## DATA BLOCK
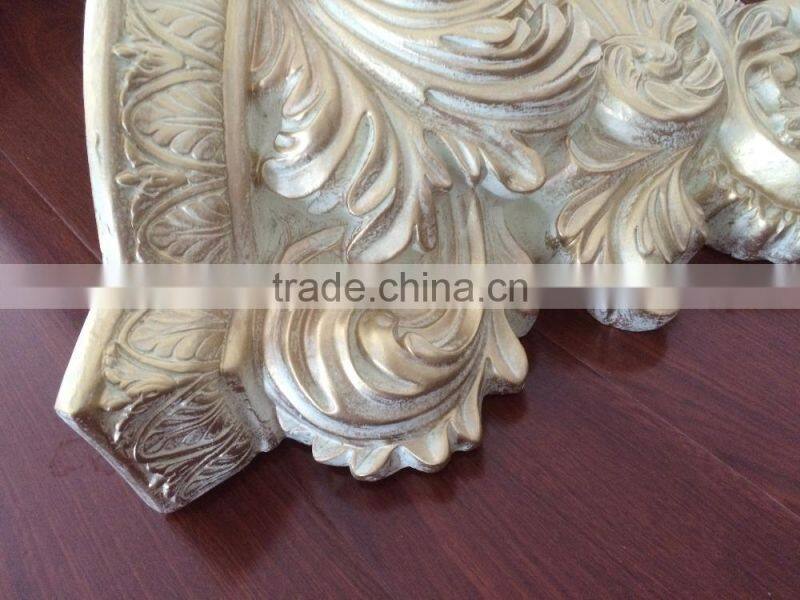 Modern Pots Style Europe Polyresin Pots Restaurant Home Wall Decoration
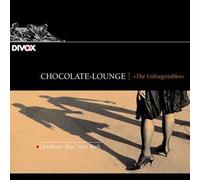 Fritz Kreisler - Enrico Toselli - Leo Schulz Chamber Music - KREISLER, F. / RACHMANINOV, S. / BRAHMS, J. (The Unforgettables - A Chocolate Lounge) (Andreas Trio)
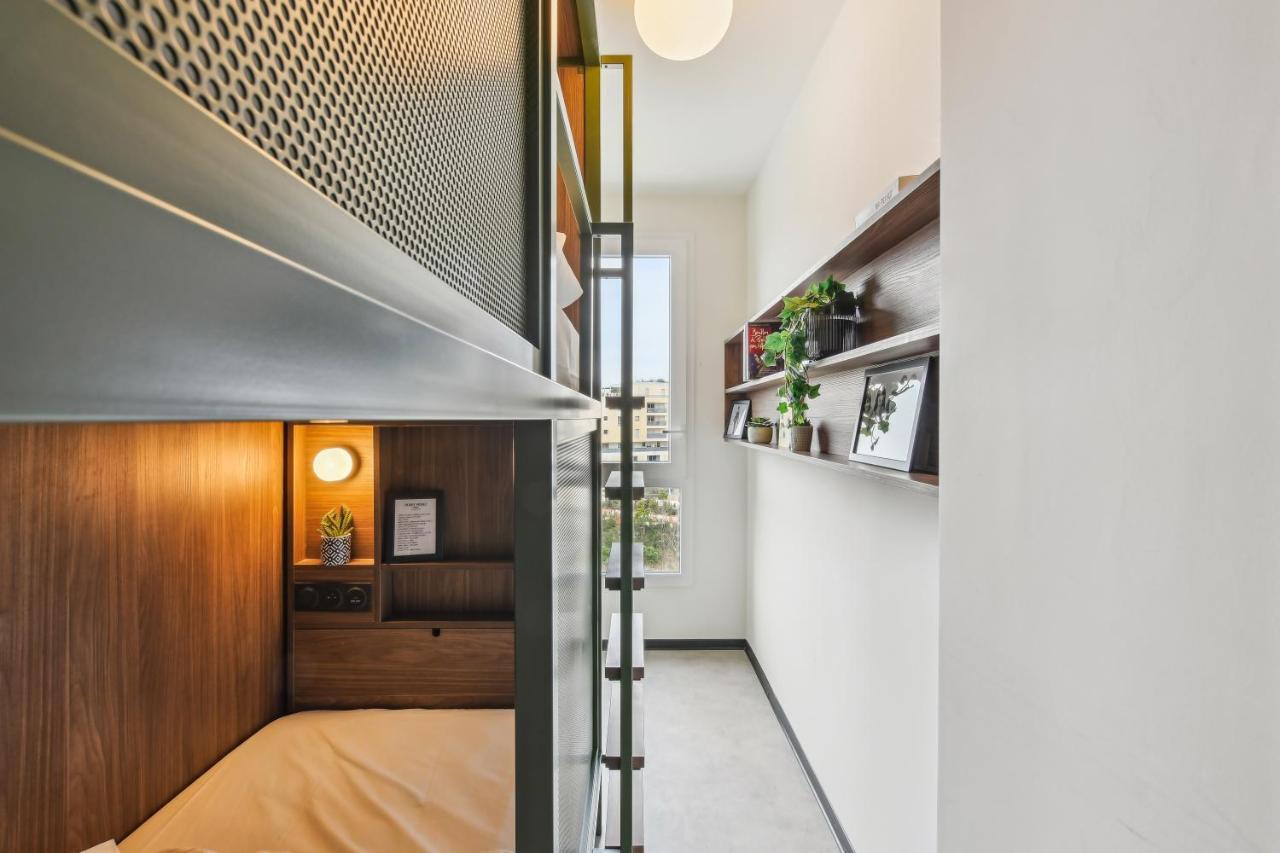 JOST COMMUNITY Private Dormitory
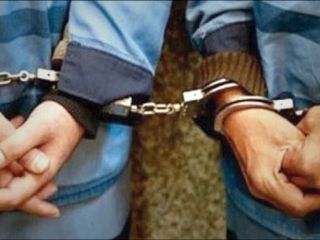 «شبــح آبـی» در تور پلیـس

## WHAT YOU ARE ASKED TO DO
Only the lines from the line with "Fritz Kreisler - Enrico" through the final line of the material belong in the answer, copied exactly and without pictures.

## TASK RESPONSE
 Fritz Kreisler - Enrico Toselli - Leo Schulz Chamber Music - KREISLER, F. / RACHMANINOV, S. / BRAHMS, J. (The Unforgettables - A Chocolate Lounge) (Andreas Trio)
 JOST COMMUNITY Private Dormitory
 «شبــح آبـی» در تور پلیـس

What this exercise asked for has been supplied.